GE is launching its latest aeroderivative gas turbine, the LM6000-PF+, which employs technologies from four GE businesses, bringing power online faster and more efficiently than ever before.
GE announced its latest gas turbine at the 2015 POWER-GEN Asia conference in Bangkok. The company already has a six-unit order from Thailand’s Gulf Energy Development with Mitsui Corp under EPC contract with TOYO Engineering Corp – GE’s largest ever Thailand deal for distributed power applications.

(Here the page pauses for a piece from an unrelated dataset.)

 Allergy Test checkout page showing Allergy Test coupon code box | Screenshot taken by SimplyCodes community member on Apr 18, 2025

The LM6000-PF+ incorporates technologies from GE Aviation for the gas turbine, GE Energy Management for controls, GE Oil & Gas for gearbox equipment and GE Power & Water for the overall design and engineering. As a result, the PF+ offers higher gas turbine output (52-58 MW) and combined-cycle efficiency (56 percent) than other products in its class.

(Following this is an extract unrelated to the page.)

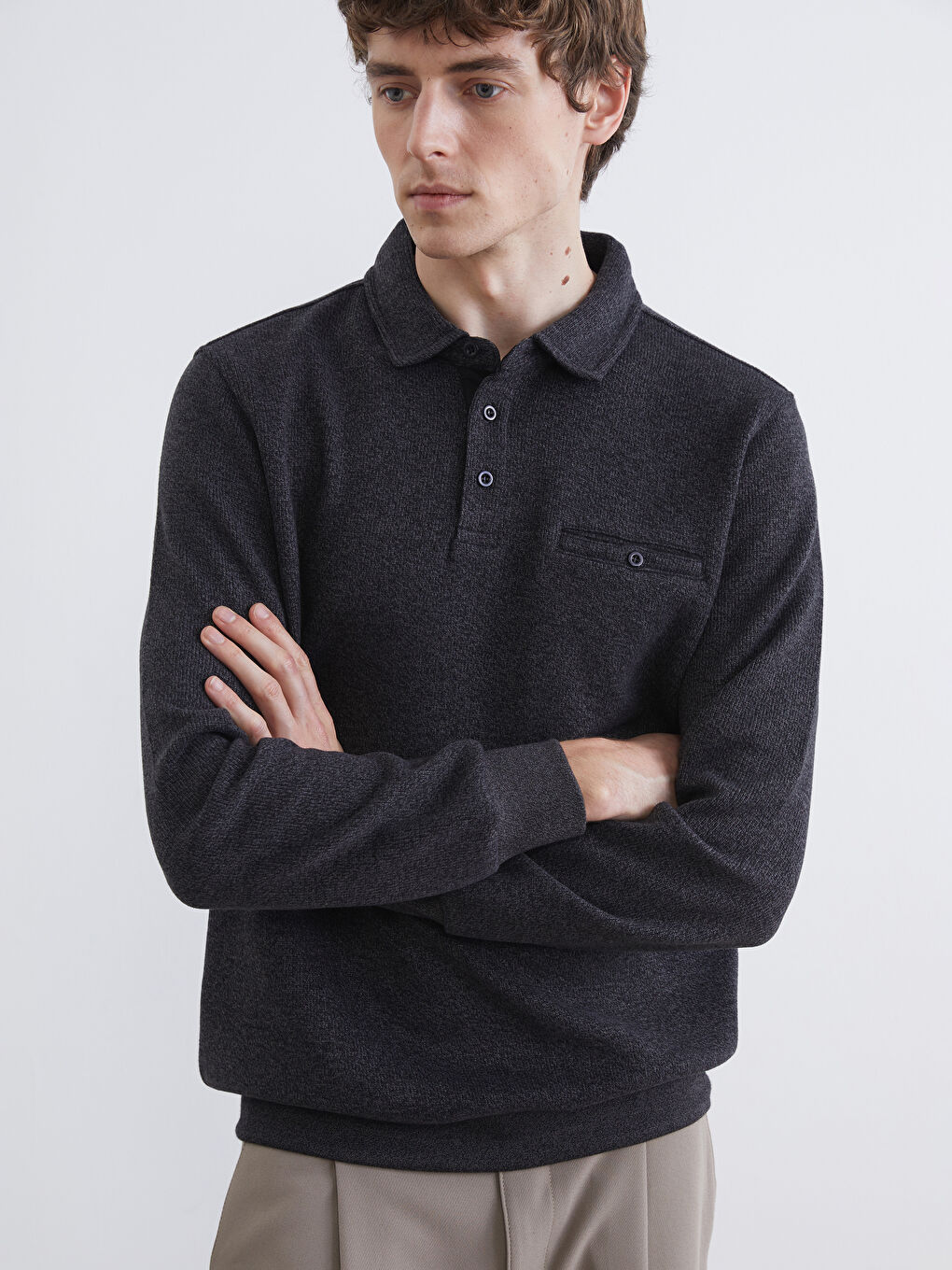 Antrasit Polo Yaka Erkek Sweatshirt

GED, one of Thailand’s largest independent power producers, selected the PF+ for three combined-cycle power plants to be installed within 300 km of Bangkok.

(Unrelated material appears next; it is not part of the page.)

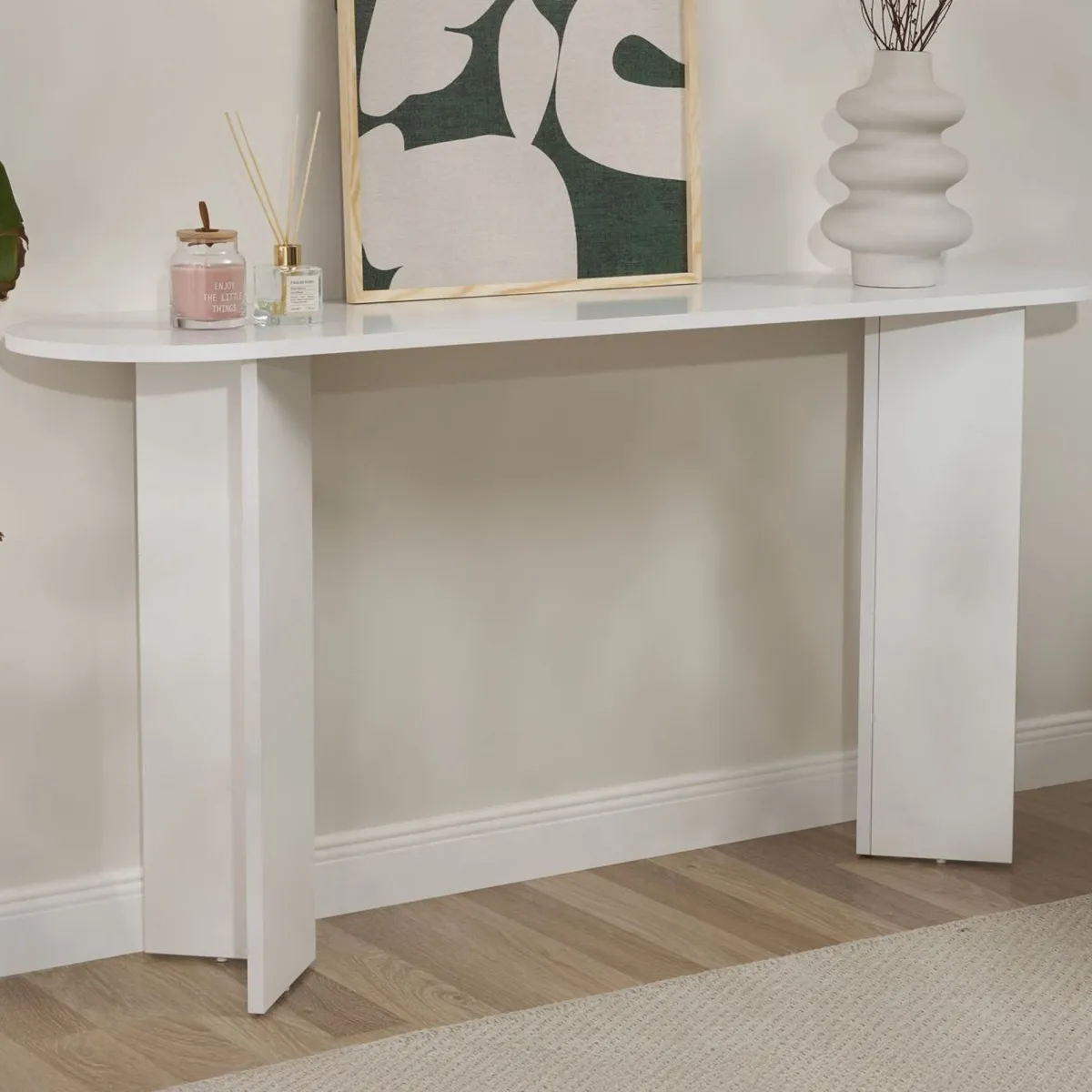 Consolle > Dmora Consolle un Ripiano Peso Supportato 25 kg 150x35x75h cm, Colore Ripiano - Cercino Bianco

“We have faith in GE and believe that by choosing the LM6000-PF+, which is recognized for its increased performance and flexibility, it should serve our requirements fittingly for the specific project conditions,” said Ravi Kurmahorita, GED’s EVP for business development. “Moreover, it is a bonus for us to be the first market in the world to get this product.”
The PF+’s high exhaust temperature will help increase efficiency and generate an additional 90 MW of power from each plant that will be dispatched to the national grids.
GED has signed a 25-year multi-year agreement with GE for long-term upgrades and maintenance on the units, slated for shipment in 2016.
“This collaboration between GED and GE is very significant to us,” said Kovit Kantapasara, CEO of GE in Thailand. “We are happy to see GED benefiting form the LM6000-PF+’s enhanced technologies, and we are proud that GE is a strong partner with the Thai government to provide stable and efficient power solutions.”
GE will introduce the new PF+ package design for full installation for simple-cycle plants in three months and combined-cycle plants in 12 months.